### PROBLEM
May I have the lines from the one containing "Kobieta w luźnym" to the end of the entries, returned exactly and with nothing else?

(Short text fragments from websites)
::::

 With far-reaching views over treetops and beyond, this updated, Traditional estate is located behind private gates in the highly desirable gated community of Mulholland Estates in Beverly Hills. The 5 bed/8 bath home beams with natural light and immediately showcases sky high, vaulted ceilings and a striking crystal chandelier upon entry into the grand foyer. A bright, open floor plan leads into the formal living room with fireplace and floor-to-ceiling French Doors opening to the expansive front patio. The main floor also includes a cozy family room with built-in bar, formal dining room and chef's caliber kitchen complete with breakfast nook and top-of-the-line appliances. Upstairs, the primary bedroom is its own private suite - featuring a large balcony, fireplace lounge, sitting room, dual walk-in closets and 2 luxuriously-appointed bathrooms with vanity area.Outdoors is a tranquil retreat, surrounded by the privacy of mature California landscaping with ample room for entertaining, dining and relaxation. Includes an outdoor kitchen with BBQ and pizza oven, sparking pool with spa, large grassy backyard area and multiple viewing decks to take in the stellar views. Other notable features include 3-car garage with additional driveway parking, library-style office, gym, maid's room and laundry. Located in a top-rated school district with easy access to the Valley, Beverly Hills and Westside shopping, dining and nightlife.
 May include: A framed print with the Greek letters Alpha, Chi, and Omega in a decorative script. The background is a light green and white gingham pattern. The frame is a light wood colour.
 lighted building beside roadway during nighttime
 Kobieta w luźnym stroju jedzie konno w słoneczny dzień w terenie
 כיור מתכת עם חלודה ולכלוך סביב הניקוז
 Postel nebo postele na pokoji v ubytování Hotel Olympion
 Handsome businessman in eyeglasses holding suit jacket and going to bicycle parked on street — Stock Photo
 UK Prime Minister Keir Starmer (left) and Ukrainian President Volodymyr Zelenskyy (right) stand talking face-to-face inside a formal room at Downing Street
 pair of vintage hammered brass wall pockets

::::

### COMPLETED EXERCISE
 Kobieta w luźnym stroju jedzie konno w słoneczny dzień w terenie
 כיור מתכת עם חלודה ולכלוך סביב הניקוז
 Postel nebo postele na pokoji v ubytování Hotel Olympion
 Handsome businessman in eyeglasses holding suit jacket and going to bicycle parked on street — Stock Photo
 UK Prime Minister Keir Starmer (left) and Ukrainian President Volodymyr Zelenskyy (right) stand talking face-to-face inside a formal room at Downing Street
 pair of vintage hammered brass wall pockets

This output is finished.